# Sterilizing ceramic bio material.



## TomC (Apr 21, 2010)

I have those little white ceramic cylinders in my filters. Will boiling them be okay?


----------



## petlaur (Apr 21, 2010)

Don't know about boiling but couldn't one sterilize them by putting them in a container with diluted household bleach for several minutes and then rinsing them off well.


----------



## TomC (Apr 21, 2010)

petlaur said:


> Don't know about boiling but couldn't one sterilize them by putting them in a container with diluted household bleach for several minutes and then rinsing them off well.


 That is my plan b. I thought boiling would ensure every nook and cranny was reached.


----------



## Chappy (Apr 21, 2010)

I don't know why I do this - I'm sure I read it somewhere or I could just have easily made it up - but I boil all my ceramic media about once every 8-12 months. I tear down my entire filter and do whatever maintenance is required to the motor, change o-rings if necessary, etc. and then I set my canning pots on the stove and boil media all afternoon!!! I've been doing this for 10 years or so and it seems to work for me, but like I said - I have no idea why I started doing this many, many moons ago. The tank will go through a mini cycle, but I minimize this with the two or three sponge filters I run in each of my tanks.

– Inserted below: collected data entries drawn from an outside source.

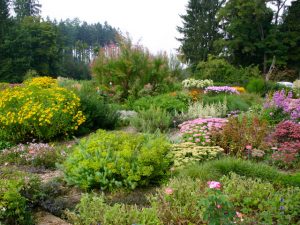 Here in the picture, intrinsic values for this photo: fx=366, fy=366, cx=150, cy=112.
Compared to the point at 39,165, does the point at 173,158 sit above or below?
above

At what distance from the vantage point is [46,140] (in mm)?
8539

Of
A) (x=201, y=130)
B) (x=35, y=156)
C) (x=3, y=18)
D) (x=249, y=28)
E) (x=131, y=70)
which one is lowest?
(x=35, y=156)

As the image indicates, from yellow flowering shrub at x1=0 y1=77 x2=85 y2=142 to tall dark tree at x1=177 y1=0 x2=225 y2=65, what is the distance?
3224cm

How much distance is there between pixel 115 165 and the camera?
4672 millimetres

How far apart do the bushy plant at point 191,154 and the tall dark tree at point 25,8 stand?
5823cm

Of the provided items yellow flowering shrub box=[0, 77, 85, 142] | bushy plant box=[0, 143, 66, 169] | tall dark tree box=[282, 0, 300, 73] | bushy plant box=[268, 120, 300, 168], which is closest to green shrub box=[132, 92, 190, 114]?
yellow flowering shrub box=[0, 77, 85, 142]

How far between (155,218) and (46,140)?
5870mm

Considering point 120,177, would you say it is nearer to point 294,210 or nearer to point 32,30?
point 294,210

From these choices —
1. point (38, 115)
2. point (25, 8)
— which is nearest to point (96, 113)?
point (38, 115)

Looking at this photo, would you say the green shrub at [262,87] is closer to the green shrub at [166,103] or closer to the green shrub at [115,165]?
the green shrub at [166,103]

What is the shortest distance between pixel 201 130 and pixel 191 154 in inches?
37.8

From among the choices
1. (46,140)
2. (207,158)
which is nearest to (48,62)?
(46,140)

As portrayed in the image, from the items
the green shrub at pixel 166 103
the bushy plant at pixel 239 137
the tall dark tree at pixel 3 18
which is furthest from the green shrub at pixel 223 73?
the tall dark tree at pixel 3 18

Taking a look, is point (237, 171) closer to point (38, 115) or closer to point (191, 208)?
point (191, 208) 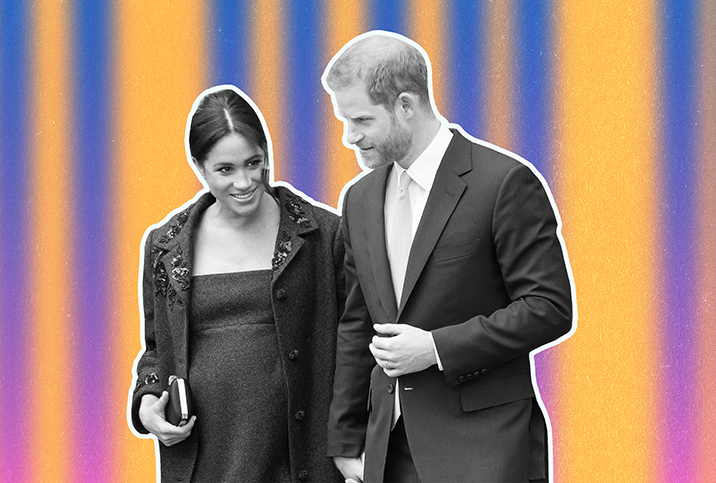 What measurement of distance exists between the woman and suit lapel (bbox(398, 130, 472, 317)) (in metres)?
0.44

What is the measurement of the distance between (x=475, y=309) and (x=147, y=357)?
0.97 m

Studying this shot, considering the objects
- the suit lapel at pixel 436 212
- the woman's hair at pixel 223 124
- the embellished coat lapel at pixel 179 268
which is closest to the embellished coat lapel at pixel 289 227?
the woman's hair at pixel 223 124

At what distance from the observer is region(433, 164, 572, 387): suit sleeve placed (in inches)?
111

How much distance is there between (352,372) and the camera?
10.4ft

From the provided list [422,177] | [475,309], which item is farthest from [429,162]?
[475,309]

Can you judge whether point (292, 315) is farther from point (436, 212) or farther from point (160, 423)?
point (436, 212)

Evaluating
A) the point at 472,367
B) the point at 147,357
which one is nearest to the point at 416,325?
the point at 472,367

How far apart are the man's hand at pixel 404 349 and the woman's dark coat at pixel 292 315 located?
0.42 metres

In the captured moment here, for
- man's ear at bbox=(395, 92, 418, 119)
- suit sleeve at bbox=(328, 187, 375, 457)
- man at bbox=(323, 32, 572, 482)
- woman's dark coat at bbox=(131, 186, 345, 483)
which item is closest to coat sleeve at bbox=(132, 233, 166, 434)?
woman's dark coat at bbox=(131, 186, 345, 483)

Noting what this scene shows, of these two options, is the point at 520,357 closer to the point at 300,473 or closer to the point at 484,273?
the point at 484,273

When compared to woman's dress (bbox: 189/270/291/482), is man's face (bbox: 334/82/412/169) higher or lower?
higher

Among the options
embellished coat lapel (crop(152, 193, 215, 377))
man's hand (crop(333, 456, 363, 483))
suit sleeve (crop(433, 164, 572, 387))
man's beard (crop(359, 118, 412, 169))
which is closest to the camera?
suit sleeve (crop(433, 164, 572, 387))

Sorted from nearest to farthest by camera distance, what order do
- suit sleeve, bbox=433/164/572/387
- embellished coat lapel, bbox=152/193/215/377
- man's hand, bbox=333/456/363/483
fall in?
1. suit sleeve, bbox=433/164/572/387
2. man's hand, bbox=333/456/363/483
3. embellished coat lapel, bbox=152/193/215/377

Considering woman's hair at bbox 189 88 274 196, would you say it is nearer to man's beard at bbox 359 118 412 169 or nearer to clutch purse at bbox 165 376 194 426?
man's beard at bbox 359 118 412 169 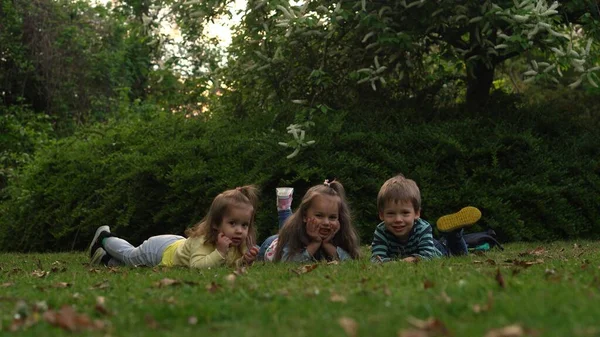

So to answer your question, yes - it's fine to boil your ceramic media if your intention is to kill everything on it, and in it


----------



## pieces71 (Apr 21, 2010)

petlaur said:


> Don't know about boiling but couldn't one sterilize them by putting them in a container with diluted household bleach for several minutes and then rinsing them off well.


I would prepare boiling it or just pouring boiling water on it in a container much safer and easy than using bleach


----------



## rescuepenguin (Apr 21, 2010)

You can boil them, or bleach them, or even both if you want to be sure you kill everything. Everything I bleach, i also soak in declorinator (water conditioner) after, then rinse them off.

Steve


----------